В квартире все напоминало о нем. Было так плохо, что хоть вешайся. И все же… Айзек знал, что все испортил своими собственными руками и, вжимая ногу в педаль газа, переставал ненавидеть себя, лишь лихорадочно гадая: “Разобьюсь? Не разобьюсь? Умру? Не умру?”. Ему было глубоко плевать, и это стало для Курта полнейшей неожиданностью. Он видел, как Айзек засыхает на глазах, поэтому в один из вечеров повел того в клуб, однако все закончилось тем, что Оуэн напился, неся какой-то бред про разбитое сердце.
Хофман пытался завести разговор о Даниэле, но Айзек так сильно вздрагивал, что, в конечном итоге, все вопросы пришлось забыть. Пару раз Курт порывался сам позвонить блондину, и отказывался от этой мысли, понимая - все, происходящее между этими двумя, не его дело.
- Айзек, - Курт без стука вошел в комнату друга, наблюдая, как тот держит в руке медальон, подаренный Даниэлем, и который он никогда не снимал, - Что ты делаешь?
- Завтра начинается новый семестр, - глухо ответил Оуэн. Хофман в недоумении посмотрел на парня. - Я не могу больше носить его подарок. Это будет нечестно, если он меня увидит с ним, после всего того, что я сделал.
- Что ты сделал? - не понял Курт, но Айзек ничего не ответил, с тоской глядя на дорогую сердцу вещь. На обратной стороне серебряного донышка виднелась четкая гравировка: “Любимому”.

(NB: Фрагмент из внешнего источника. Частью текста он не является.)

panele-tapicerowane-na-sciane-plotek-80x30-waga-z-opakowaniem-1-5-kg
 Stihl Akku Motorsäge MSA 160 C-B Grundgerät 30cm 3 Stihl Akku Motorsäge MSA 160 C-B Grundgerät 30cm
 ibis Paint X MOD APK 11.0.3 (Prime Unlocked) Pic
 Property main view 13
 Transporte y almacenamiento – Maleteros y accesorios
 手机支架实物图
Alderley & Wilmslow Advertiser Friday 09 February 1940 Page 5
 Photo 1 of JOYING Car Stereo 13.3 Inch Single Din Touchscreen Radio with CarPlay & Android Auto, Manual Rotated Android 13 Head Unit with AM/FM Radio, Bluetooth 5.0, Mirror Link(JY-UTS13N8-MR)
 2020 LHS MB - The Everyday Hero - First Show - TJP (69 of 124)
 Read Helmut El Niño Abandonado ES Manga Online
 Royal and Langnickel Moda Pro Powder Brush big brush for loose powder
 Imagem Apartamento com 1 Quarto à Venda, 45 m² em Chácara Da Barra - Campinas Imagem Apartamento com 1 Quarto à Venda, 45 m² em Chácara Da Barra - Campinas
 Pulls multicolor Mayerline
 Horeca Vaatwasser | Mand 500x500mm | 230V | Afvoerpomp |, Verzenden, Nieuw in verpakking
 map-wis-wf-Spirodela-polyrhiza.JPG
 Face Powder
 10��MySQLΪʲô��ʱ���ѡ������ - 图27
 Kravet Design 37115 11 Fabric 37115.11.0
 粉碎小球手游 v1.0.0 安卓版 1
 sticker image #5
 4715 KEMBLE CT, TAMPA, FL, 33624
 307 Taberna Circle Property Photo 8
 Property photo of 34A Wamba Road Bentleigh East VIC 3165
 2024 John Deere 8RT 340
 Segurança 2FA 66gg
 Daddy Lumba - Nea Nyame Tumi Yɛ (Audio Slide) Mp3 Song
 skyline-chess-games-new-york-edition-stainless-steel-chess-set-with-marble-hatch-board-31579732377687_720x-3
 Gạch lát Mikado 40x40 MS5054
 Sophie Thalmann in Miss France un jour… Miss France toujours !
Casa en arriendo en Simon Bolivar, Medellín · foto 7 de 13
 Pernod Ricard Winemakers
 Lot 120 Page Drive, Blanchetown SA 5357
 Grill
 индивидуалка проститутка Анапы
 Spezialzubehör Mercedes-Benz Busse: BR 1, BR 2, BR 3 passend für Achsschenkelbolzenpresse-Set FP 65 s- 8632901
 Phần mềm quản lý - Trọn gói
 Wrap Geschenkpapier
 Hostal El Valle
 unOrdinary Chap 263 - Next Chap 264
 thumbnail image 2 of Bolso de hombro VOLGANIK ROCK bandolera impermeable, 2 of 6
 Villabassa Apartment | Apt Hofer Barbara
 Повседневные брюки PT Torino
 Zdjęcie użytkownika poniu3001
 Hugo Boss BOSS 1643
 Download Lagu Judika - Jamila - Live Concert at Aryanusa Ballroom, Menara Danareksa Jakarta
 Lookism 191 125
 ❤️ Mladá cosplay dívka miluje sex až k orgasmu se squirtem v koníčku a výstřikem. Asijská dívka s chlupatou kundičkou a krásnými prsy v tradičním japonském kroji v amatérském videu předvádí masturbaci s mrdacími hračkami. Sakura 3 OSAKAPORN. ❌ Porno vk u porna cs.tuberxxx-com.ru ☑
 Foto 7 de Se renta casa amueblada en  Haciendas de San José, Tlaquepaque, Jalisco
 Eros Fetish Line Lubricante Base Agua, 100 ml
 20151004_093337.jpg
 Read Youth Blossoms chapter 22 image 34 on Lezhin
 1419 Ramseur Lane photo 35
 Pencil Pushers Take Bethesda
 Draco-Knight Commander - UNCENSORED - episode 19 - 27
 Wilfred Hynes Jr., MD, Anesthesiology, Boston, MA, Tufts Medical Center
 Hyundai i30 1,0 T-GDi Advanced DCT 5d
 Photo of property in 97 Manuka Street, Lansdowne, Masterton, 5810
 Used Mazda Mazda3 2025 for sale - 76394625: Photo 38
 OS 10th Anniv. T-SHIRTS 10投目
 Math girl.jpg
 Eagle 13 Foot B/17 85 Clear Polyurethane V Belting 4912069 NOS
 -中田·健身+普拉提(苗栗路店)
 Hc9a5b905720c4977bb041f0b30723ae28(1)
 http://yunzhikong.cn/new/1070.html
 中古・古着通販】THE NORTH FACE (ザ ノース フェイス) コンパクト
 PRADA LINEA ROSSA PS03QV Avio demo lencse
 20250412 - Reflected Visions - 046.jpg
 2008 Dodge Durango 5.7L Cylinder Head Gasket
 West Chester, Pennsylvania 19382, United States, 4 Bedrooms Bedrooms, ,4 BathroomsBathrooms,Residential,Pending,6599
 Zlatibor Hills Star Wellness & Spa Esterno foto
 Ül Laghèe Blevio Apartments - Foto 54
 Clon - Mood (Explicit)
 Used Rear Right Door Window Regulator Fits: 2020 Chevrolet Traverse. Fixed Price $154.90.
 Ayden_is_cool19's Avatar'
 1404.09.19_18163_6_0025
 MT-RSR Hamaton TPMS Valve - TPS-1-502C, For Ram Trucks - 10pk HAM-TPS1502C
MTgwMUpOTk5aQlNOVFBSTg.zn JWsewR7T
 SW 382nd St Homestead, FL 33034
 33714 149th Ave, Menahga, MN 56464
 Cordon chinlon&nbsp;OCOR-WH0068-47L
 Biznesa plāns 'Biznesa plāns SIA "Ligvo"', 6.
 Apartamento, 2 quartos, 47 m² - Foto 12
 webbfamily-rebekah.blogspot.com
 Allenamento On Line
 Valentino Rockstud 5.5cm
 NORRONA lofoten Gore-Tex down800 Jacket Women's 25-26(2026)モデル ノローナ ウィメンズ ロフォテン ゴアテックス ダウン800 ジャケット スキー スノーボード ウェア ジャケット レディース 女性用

Пусть Дани будет счастлив, хоть и не с ним. Айзек желал ему этого, а сам… Сам он как-нибудь выкарабкается.
*
Начиная с первого же учебного дня Даниэль взял себе за привычку, ходить с опущенными в пол глазами или утыкаясь в телефон, боясь наткнуться на Оуэна. Он много переписывался с Аделаидой, которая всеми силами старалась отвлекать его от невеселых дум. Мысли об Айзеке Дани гнал от себя, как только мог. Шелтон капитально забивал голову чем угодно, лишь бы только не впоминать о нем. Подобное насилие над собственным разумом выливалось в еженощные кошмары…
Одногруппники заметили, что Даниэль как-то изменился, став слишком молчаливым и почти перестав улыбаться. Чаще всего на его лице была маска холодного спокойствия. Рэй Гранд пытался расшевелить приятеля в своей привычной манере, но потерпел неудачу. Даниэль не стремился к общению, но здравый смысл подсказывал, что ему нельзя оставаться одному. Поэтому, скрепя сердце, блондин ходил с ребятами в кафе и на прогулки, даже в кино.
Вернувшиеся мистер и миссис Шелтон, ужасно расстроились побледневшему и заметно похудевшему сыну. Дани солгал, что просто еще не до конца оправился от болезни, чувствуя себя препаршиво от собственного вранья.
Так пролетела долгая неделя. Чтобы хоть как-то себя занять, Айзек решил согласиться выступить на той конференции, что ему предлагал преподаватель истории. Обговорив все детали, историк предложил Оуэну зайти к нему в конце лекций, чтобы подобрать необходимый материал. Так же Айзек обсудил с историком то, что хотел бы устроиться на кафедру либо лаборантом, либо помощником. Хоть кем-нибудь, потому что ему срочно нужны деньги.